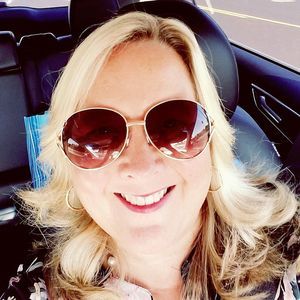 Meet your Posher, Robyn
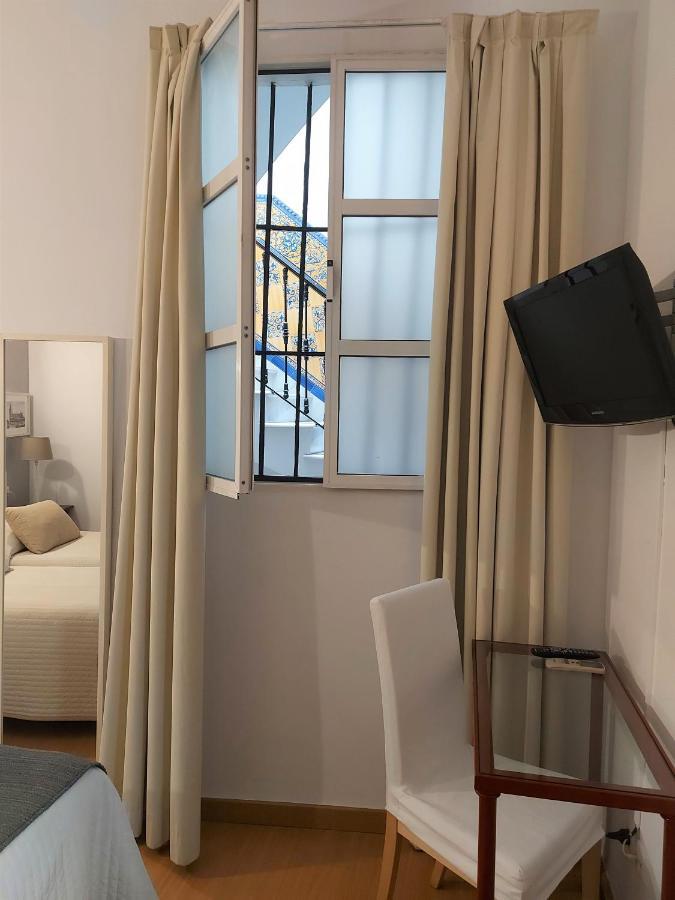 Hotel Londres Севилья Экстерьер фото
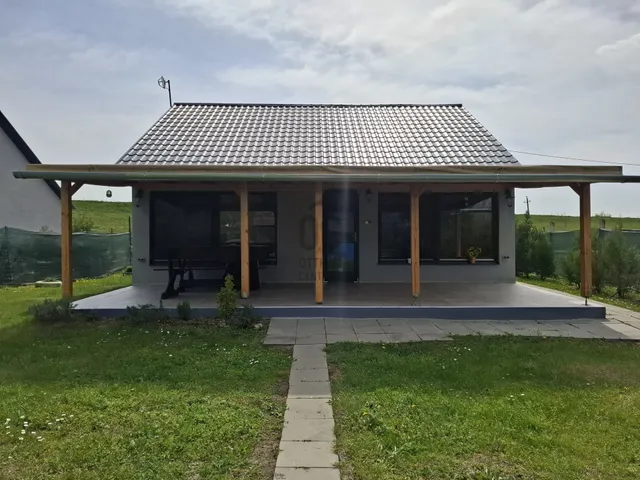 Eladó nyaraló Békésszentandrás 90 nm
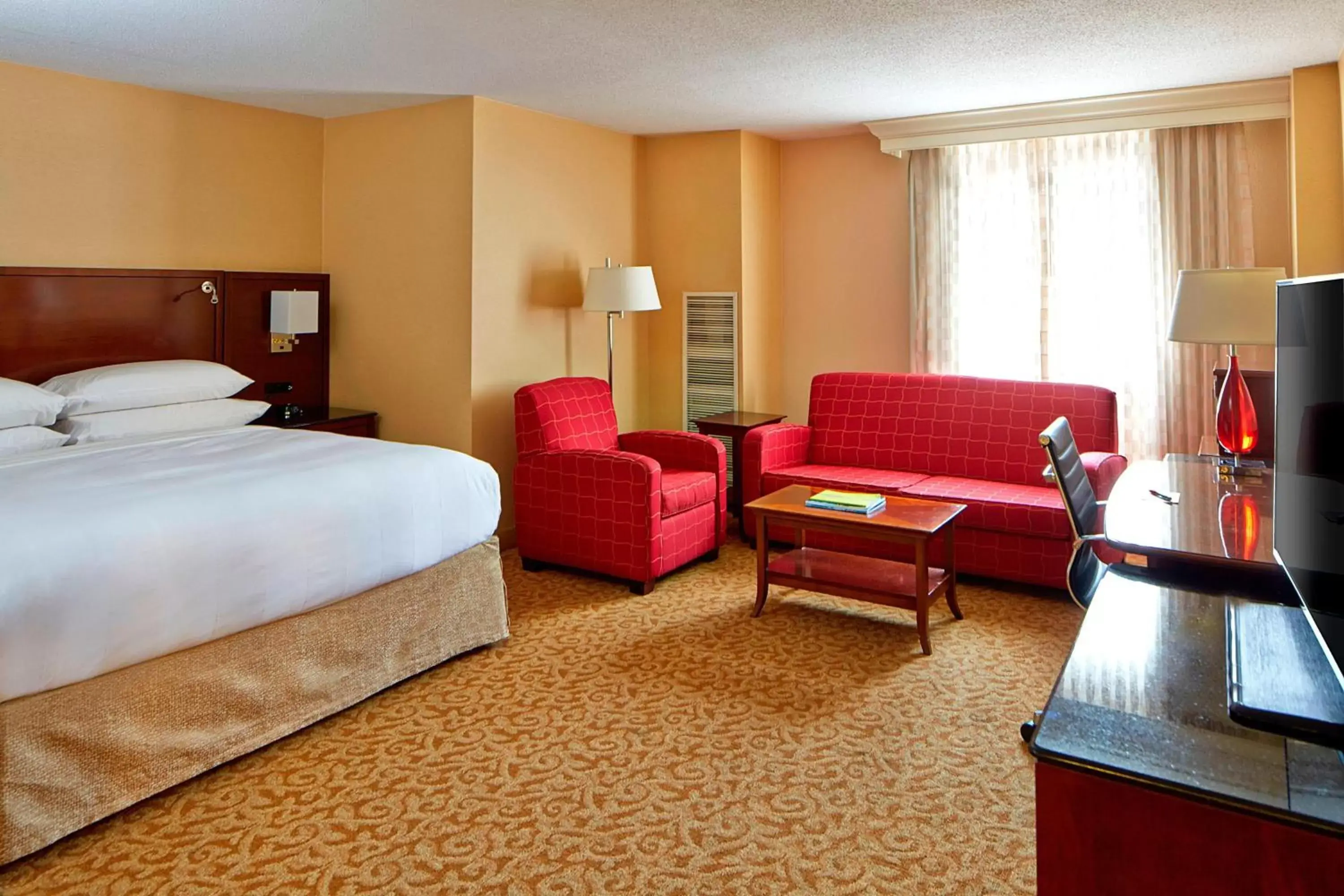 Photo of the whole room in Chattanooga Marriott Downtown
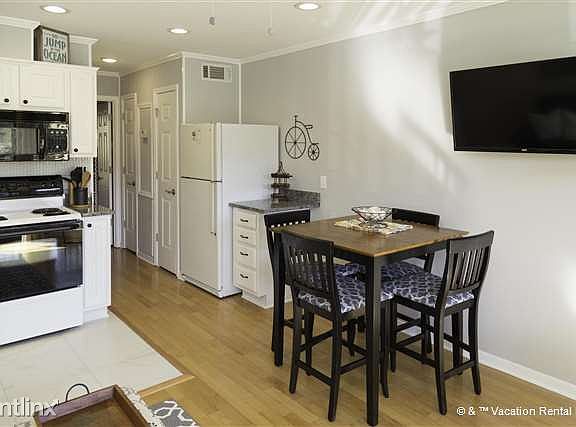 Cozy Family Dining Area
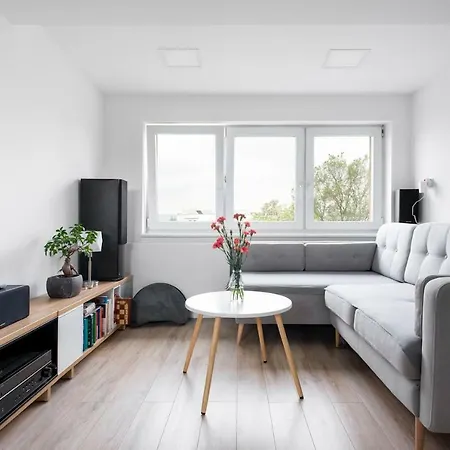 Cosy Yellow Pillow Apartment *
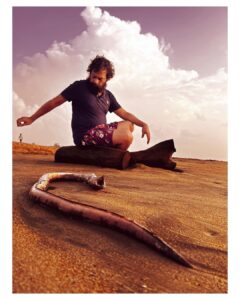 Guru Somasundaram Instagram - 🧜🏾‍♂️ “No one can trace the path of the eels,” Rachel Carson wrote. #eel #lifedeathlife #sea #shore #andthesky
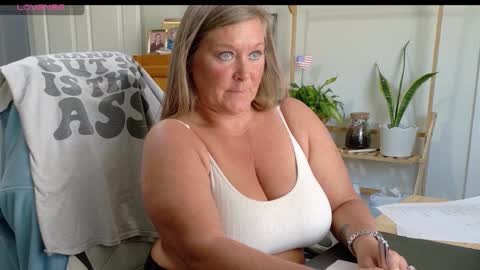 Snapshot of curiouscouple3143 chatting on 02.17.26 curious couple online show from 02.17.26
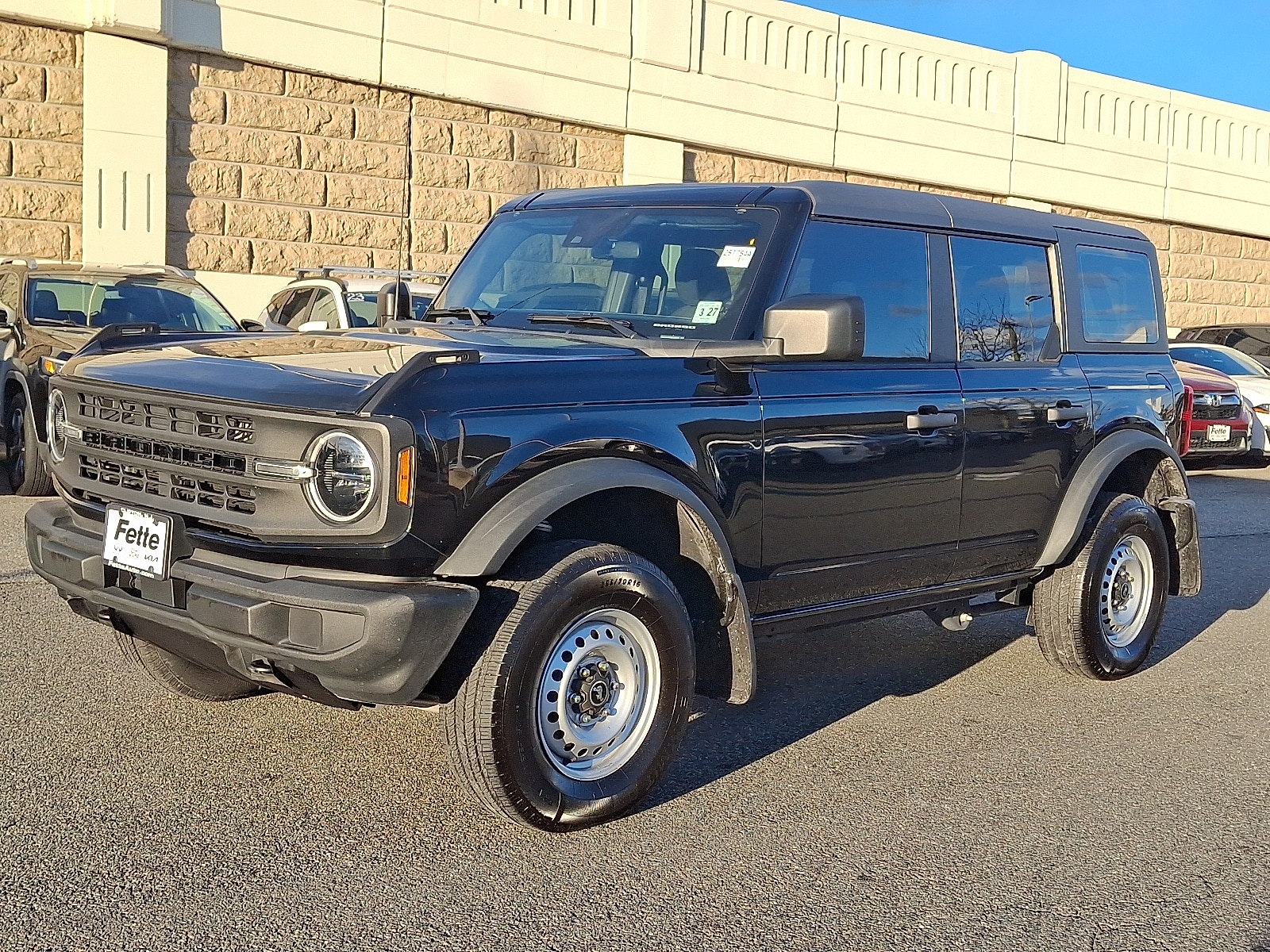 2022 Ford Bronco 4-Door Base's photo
__________
### WHAT TO DO
Find the line with "Photo of the" in the listing above, then write it out along with every later line through the last one, exactly, omitting pictures.

### SOLVED PROBLEM
 Photo of the whole room in Chattanooga Marriott Downtown
 Cozy Family Dining Area
 Cosy Yellow Pillow Apartment *
 Guru Somasundaram Instagram - 🧜🏾‍♂️ “No one can trace the path of the eels,” Rachel Carson wrote. #eel #lifedeathlife #sea #shore #andthesky
 Snapshot of curiouscouple3143 chatting on 02.17.26 curious couple online show from 02.17.26
 2022 Ford Bronco 4-Door Base's photo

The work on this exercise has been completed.